As they were lying down, I led them through a Feldenkrais-style body scan. Next, we used scarves and sweatshirts to do an active version of Supta Pada. Then we came up to stand and did a series of slow side bends, chair pose, goddess pose, and some shoulder openers in prasarita padottanasana. Next, we did a few seated poses before I led them in a breath awareness meditation while lying down again.

I used this playlist, and tried really hard to model what it feels like to be grounded and calm and loving towards yourself and others, even in a stressful situation. I think it worked! So many of the students told me after class that it was one of the best yoga classes they had ever taken.

The truth is, before I started teaching clients in my home studio MOST of my teaching was like that…. kids running around, doorbells ringing, co-workers popping in to ask questions and cakes that needed to be taken out of the oven…so many of the yoga sessions that I taught were filled with constant little interruptions and took place in less than ideal circumstances. And I LOVED it.

I think that one of the of the great benefits of private yoga is that we bring the container that holds the yoga practice to our students, right in the middle of their messy lives. Students don’t have to leave their home or office to get to practice, and this can make it more possible to fit a yoga practice into a busy life.

It also shows our students that they don’t have to wait until things “slow down” {HA!} to take care of themselves. They can practice being grounded and centered and present right in the middle of the mess. This is a beautiful thing to teach.

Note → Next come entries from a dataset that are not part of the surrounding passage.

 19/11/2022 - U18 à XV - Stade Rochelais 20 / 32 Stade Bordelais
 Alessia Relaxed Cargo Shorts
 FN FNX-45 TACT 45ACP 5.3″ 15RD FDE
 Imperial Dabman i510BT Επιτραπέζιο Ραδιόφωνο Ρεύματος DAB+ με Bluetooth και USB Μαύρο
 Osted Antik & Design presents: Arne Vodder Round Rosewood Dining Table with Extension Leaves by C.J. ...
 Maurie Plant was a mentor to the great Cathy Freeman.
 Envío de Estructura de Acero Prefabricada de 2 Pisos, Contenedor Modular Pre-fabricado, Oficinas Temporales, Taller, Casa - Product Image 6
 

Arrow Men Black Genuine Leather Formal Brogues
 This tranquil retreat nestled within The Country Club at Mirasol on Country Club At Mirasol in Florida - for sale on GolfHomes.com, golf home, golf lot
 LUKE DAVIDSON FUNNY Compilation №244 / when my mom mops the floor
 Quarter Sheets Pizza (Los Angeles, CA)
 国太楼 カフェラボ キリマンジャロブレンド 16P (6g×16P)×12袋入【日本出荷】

This can also present some challenges.  How to Use Interruptions as a Teaching Tool is a forthcoming blog, so today I just want to keep it simple and think about the transition INTO practice mode.

The No-Transition Transition

If you travel to see your students in their space make sure to remember that they miss out on the usual buffer time of a walk, subway, or car ride on their way to yoga class. They may show up on the mat immediately after taking care of a crying child, having an argument, running an important meeting, or sitting in front of a computer. They may need some extra time, and your help, to “land” in the yoga session.

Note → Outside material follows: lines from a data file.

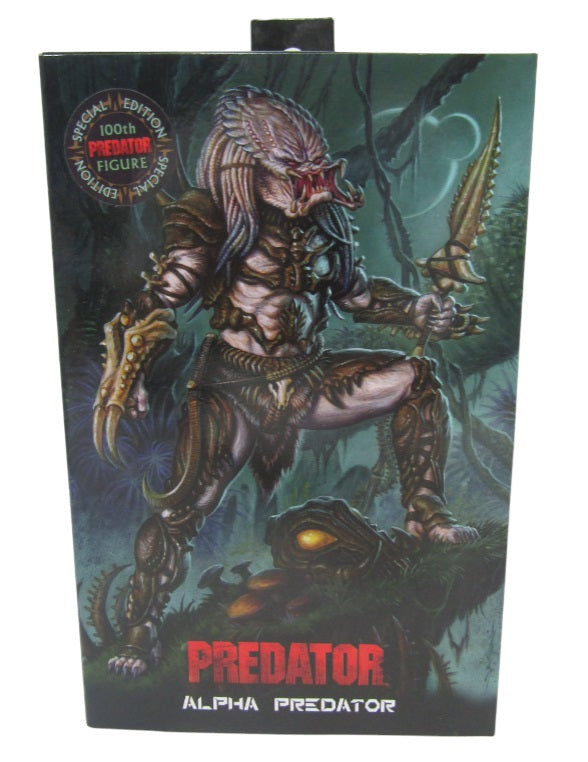 NECA Predator Alpha Predator 100th Figure Special Edition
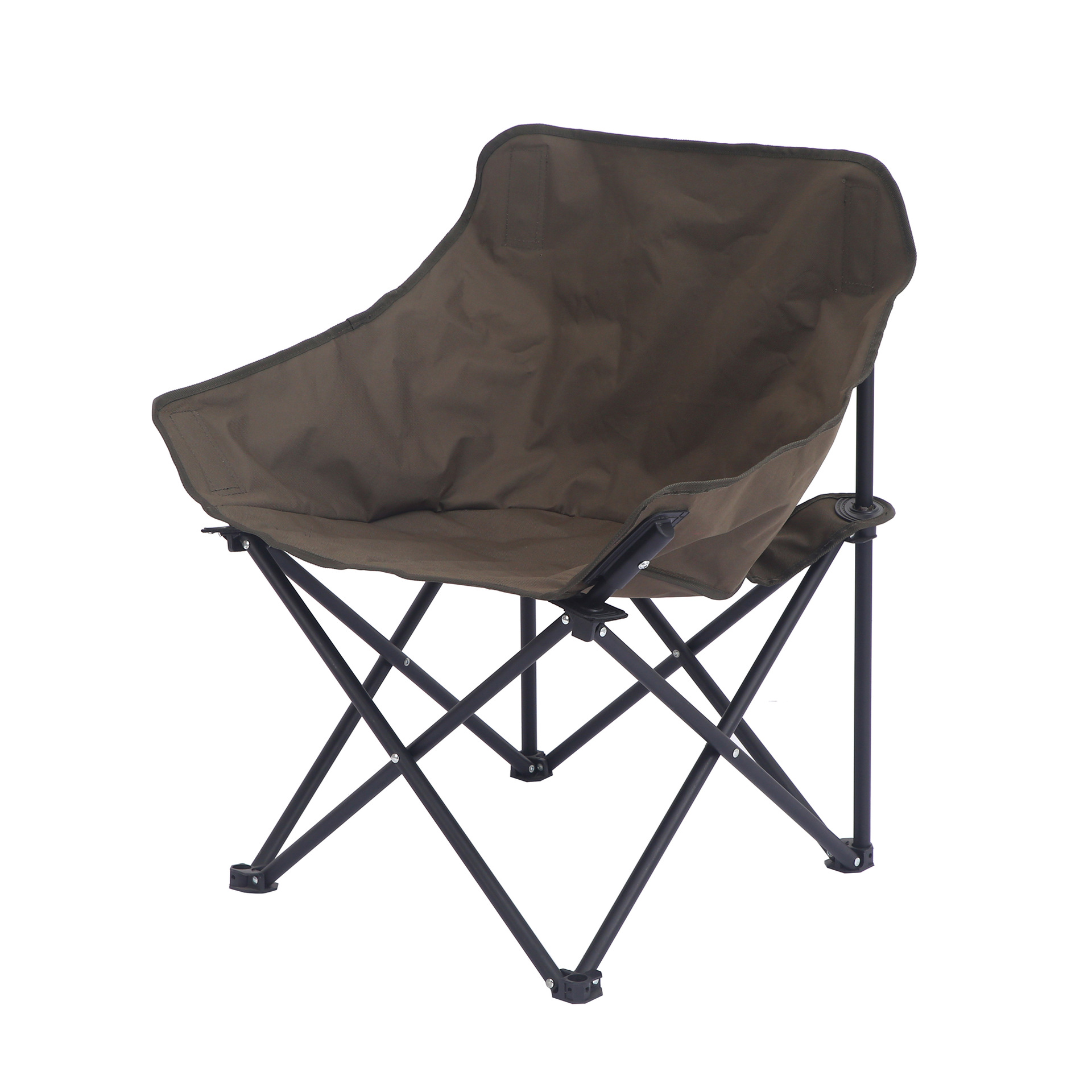 Nueva silla de sofá perezoso plegable silla de almuerzo de dormitorio campamento portátil al aire libre silla de luna silla perezosa redonda
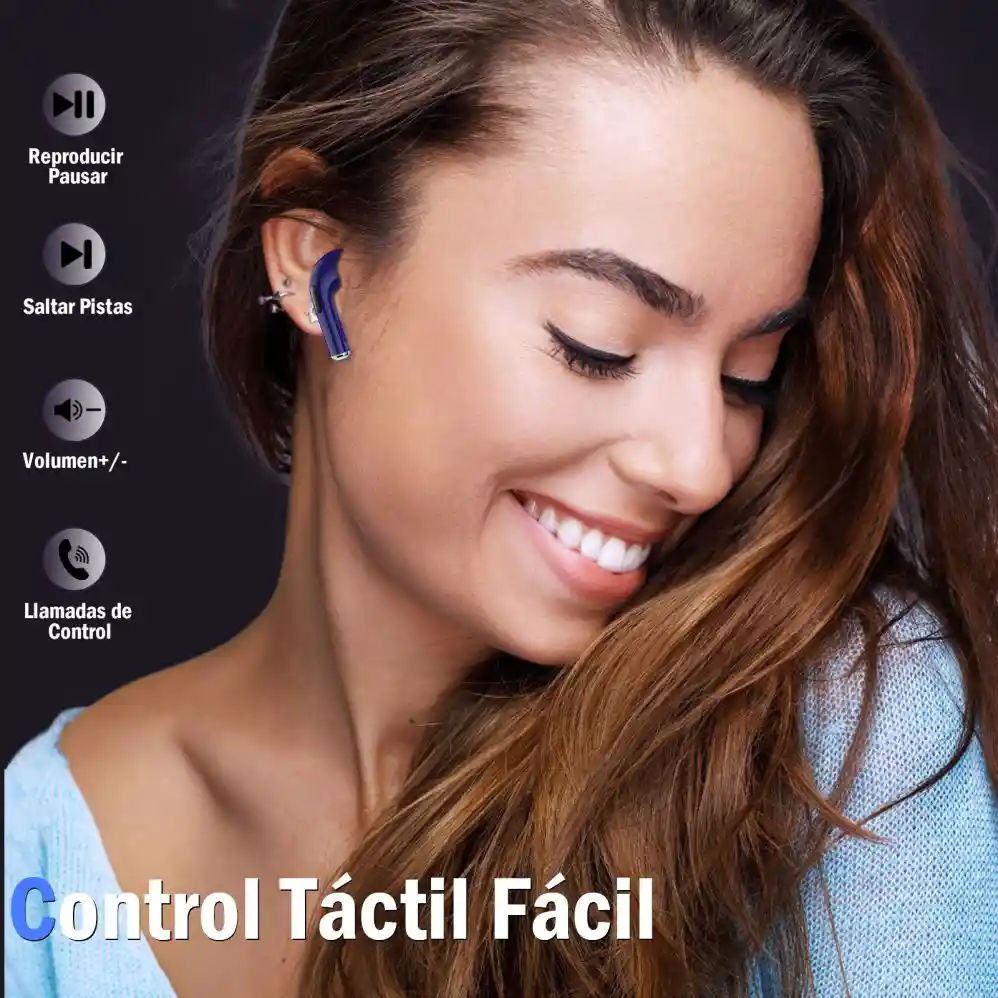 1hora Auriculares Inalambricos In-ear Bluetooth Tws Aut119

Even if the transition of “regular life” to yoga class is stressful due to traffic or crowded streets, it is still an intentional choice to go from one mode of operation to another. When we show up at our student’s house or office to teach them yoga and no travel is required from them, it becomes our job to guide their mental body to the mat, and help transition our students into practice mode.

A traditional {seated with eyes closed} centering may create more anxiety for your student.

For someone who is new to yoga, asking them to sit quietly with their eyes closed can make them feel quite vulnerable and uncomfortable. Sitting upright with closed eyes is an intimate experience, and can be unsettling for students who might feel like you are staring at them, especially if they are already anxious.

If there is a lot of noise, people walking around or a related disturbance in the space you are teaching, starting the private lesson by saying to your students, “Please cross your legs, move the flesh away from your sitz bones, close your eyes, put your hands on your knees and turn your attention inward” is probably the biggest mistake you can make in that yoga session.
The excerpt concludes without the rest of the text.